Studies are also conducted on composite nanofibers produced with coaxial multi-channel nozzles.^8–11 It has been pointed out that the immiscibility of core and sheath liquids is the most crucial parameter for producing continuous and uniform hollow fibers.¹⁰ The diameter of the nanofibers mainly depends on the flow rate of the inner liquid.⁹

Composite nanofibers are produced from different types of materials, such as polymer–polymer or polymer–nanofiller. Many studies on polymer–nanofiller composite nanofibers are reported in the literature.^12–19 It has been pointed out that achieving good dispersion without agglomeration is a challenging task during the electrospinning process.¹⁸

Nanofillers such as silica, clay, carbon black and carbon nanotubes have been widely used to influence the mechanical and other properties of the materials. Limited studies have also been conducted on composite nanofibers containing nanowhiskers of natural polymers.^14–16,20 Among the important nanofillers, cellulose nanowhiskers (CNWs) offer a great potential in nanocomposites due to their renewability, biodegradability, nontoxicity, low cost, ability to improve thermal and mechanical properties of the polymer matrix, and being in whisker form.²¹ Challenges for CNW applications in nanocomposites include that they are currently not commercially available, they have a tendency to agglomerate during processing, and they are especially difficult to process with apolar polymers because of the polar structure of cellulose molecules.

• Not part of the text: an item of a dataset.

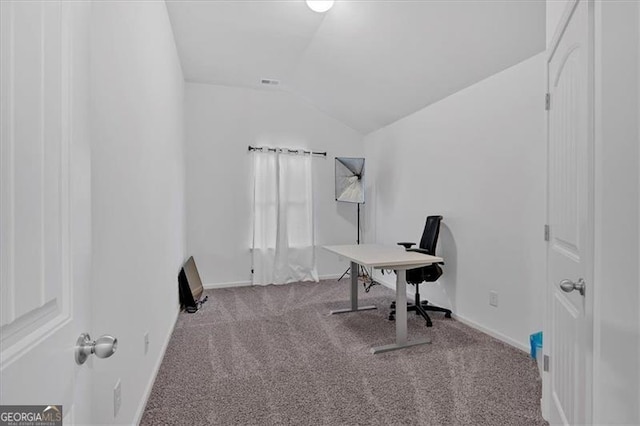 office space featuring light colored carpet and lofted ceiling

Several studies are reported in the literature on composite films containing cellulose nanowiskers.^22–25 Bahar et al.²⁵ produced polypropylene composite films with different loading of cellulose nanowhiskers (0–15%) and analyzed their morphological, mechanical and thermal properties. Very limited studies have been reported on composite nanofibers containing CNWs as a filler, and they mostly focus on polymers that are generally compatible with CNWs, such as PVA (polyvinyl alcohol) and PAA (poly(acrylic acid)). In these studies, the composite nanofibers were produced using a single-component nozzle system.

Lu and Hsieh²⁰ produced nanocomposite fibrous membranes by electrospinning cellulose nanocrystal (CNC)-loaded PAA ethanol mixtures. They observed that an increase in CNC loading (in the range of 0–20%) led to a decrease in nanocomposite fiber diameters, an increase in mechanical properties of the nanocomposite fibrous membranes, and an improvement in fiber uniformity. Furthermore, chemical crosslinking could further improve the strength and modulus of the PAA-CNC composites. Peresin et al.¹⁵ used PVA and CNC to produce composite nanofibers. They pointed out that neither the surface tension nor the viscosity of the solution was significantly affected by CNC. An increase in the amount of CNCs in the solution led to an increase in the conductivity of the solution and a decrease in fiber’s diameter. Rojas et al.¹⁶ used polystyrene (PS) and CNWs to produce composite nanofibers. They observed that the tendency of bead formation increased with an increase in CNW because of poor dispersion or compatibility of CNWs in PS. They used nonionic surfactant in order to improve the dispersion and compatibility of the hydrophilic CNWs with the hydrophobic PS matrix. They showed that an increase of applied voltage along with the presence of nonionic surfactant reduced the tendency of bead formation. An increase in CNWs resulted in a decrease in fiber diameter. Junkasem et al.¹⁴ used other whiskers, i.e. α-chitin whiskers together with PVA matrix in their electrospinning studies. They found that the Young’s modulus and tensile strength of the composite nanofiber mats were increased by the inclusion of α-chitin whiskers in the range of 0–25%. They pointed out that the Young’s modulus decreased when the amount of α-chitin whiskers exceeded a certain value.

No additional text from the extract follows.